Ma prima di conoscere i legami della filosofia e della scienza con la musica, entriamo nella vita quotidiana dei Greci e vediamo come si faceva musica nell’antichità, senza inoltrarci troppo in questioni troppo tecniche, ma per capire quale fosse la sua grande importanza.

I greci usavano diversi strumenti, ma i più comuni erano la lira sacra ad Apollo, l’aulòs, che era uno strumento a fiato sacro a Dioniso, e le percussioni come i tamburi o i cimbali.

Il ritmo musicale e quello poetico erano uguali: la durata delle note dipendeva dalla breve, che equivale all’odierna croma, e dalla lunga, che è l’odierna semiminima, e le scale erano basate su gruppi di quattro note di intonazione discendente, detti tetracordi: le scale di sette note erano formate dall’estensione di due tetracordi ed estese per coprire due ottave.

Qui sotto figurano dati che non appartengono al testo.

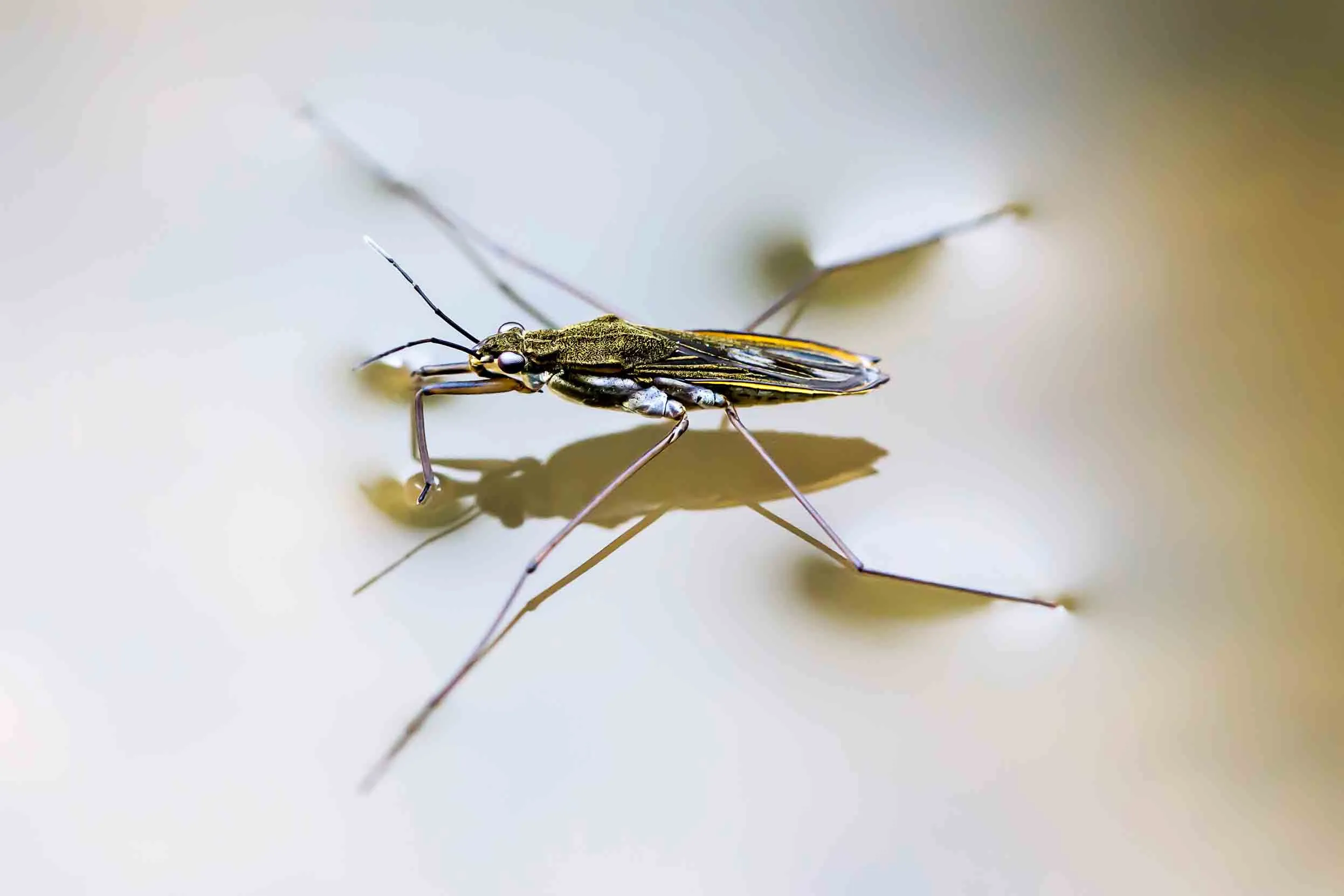 A pond skater stretches out over water without breaking its surface tension.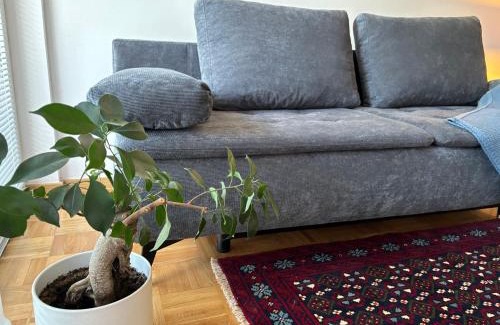 Ljubljana Apartamento | Ljubljanica Apartment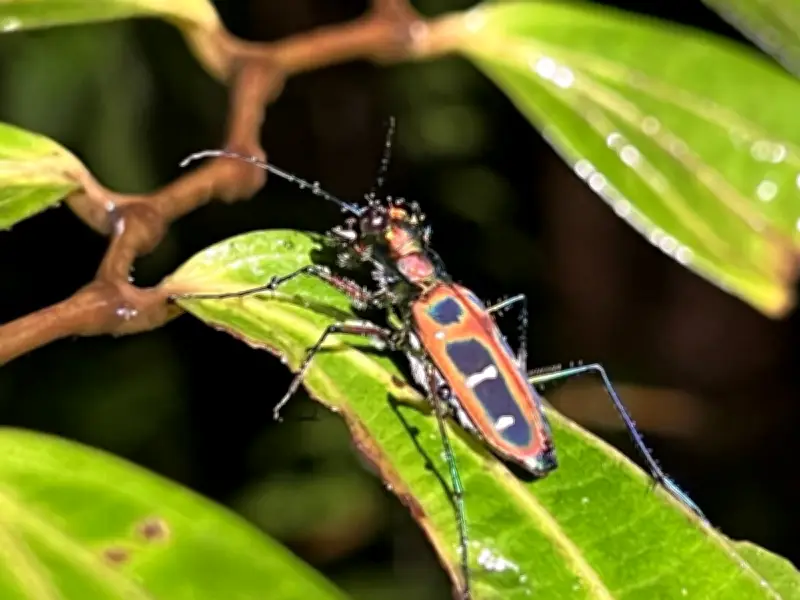 El árbol de la vida se expande: descubren cientos de nuevos clados cada año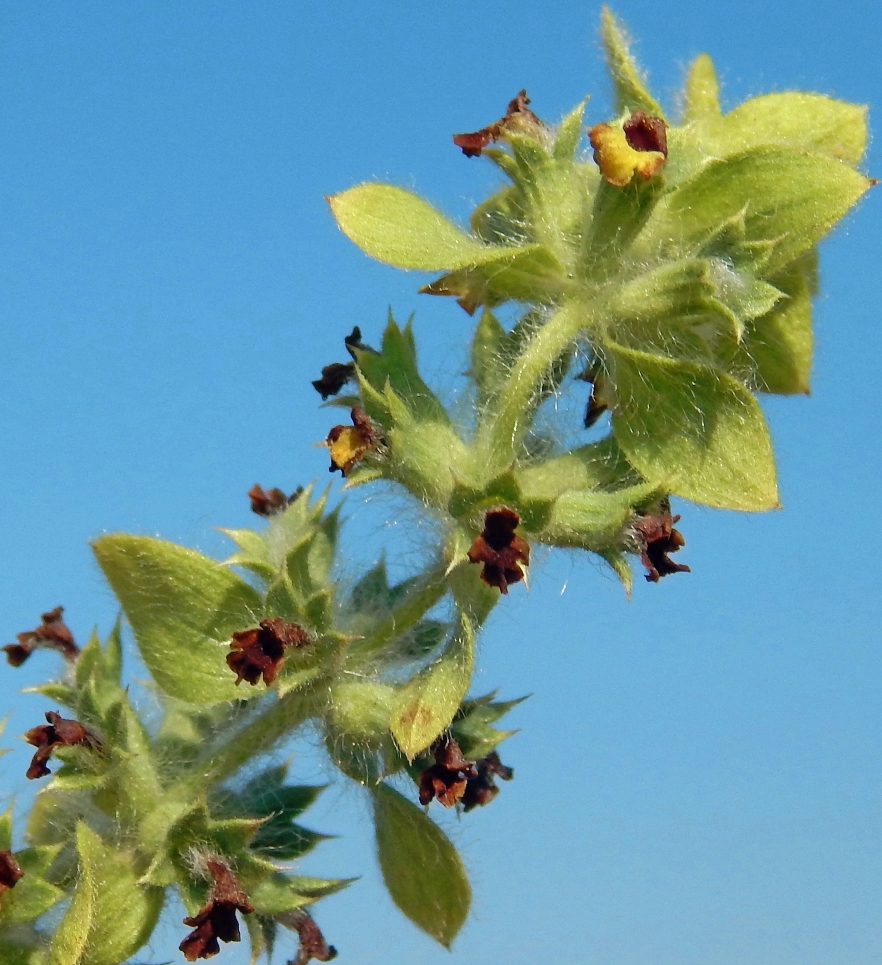 Image of Sideritis montana specimen.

Abbiamo già detto come per i Greci la musica fosse espressione di vita comunitaria, fatta di piacere e legame sociale, politico e religioso al tempo stesso.

E infatti le maggiori manifestazioni in cui si cantava e si danzava erano manifestazioni pubbliche: ricordiamo che a Roma, che dalla Grecia eredita tutta la cultura più alta, il latino Lucrezio vedeva nella musica la vera conquista dell’uomo civilzzato.

In Grecia le feste pubbliche erano tutte all’insegna della musica, sia che si trattasse di sacrifici agli dei, sia che si trattasse di banchetti, o di processioni accompagnate dalla danza, o del canto dei soldati prima di una battaglia.

I due canti corali più antichi di cui si ha notizia sono il Peana e il Ditirambo.

Il Peana poteva essere cantato da un coro o da un solista, solo da voci, oggi si direbbe a cappella, o con l’accompagnamento di strumenti musicali.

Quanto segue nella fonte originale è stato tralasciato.